Werken met schema’s

Voltooid

In SQL Server-databasesystemen worden tabellen gedefinieerd in schema's om logische naamruimten in de database te maken. Een tabel Klant kan bijvoorbeeld worden gedefinieerd in een verkoopschema, terwijl een tabel Product is gedefinieerd in een productieschema. De database kan details bijhouden van orders die klanten in een ordertabel hebben geplaatst in het schema Verkoop . Vervolgens moet u mogelijk ook orders bijhouden van leveranciers voor productonderdelen in een ordertabel in het productieschema .

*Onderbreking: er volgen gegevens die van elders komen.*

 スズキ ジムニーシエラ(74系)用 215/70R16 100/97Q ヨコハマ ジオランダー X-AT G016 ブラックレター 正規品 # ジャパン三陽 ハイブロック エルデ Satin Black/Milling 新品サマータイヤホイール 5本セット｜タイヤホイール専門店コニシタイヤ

A schema named Sales containing Order and Customer tables, and a schema named Production containing Order and Product tables

Databasesystemen zoals SQL Server gebruiken een hiërarchisch naamgevingssysteem. Deze naamgeving op meerdere niveaus helpt bij het ondubbelzinnig maken van tabellen met dezelfde naam in verschillende schema's. De volledig gekwalificeerde naam van een object bevat de naam van een databaseserverexemplaren waarin de database is opgeslagen, de naam van de database, de schemanaam en de tabelnaam. Bijvoorbeeld: Server1.StoreDB.Sales.Order.

Wanneer u werkt met tabellen binnen de context van één database, is het gebruikelijk om te verwijzen naar tabellen (en andere objecten) door de schemanaam op te geven. Bijvoorbeeld Sales.Order.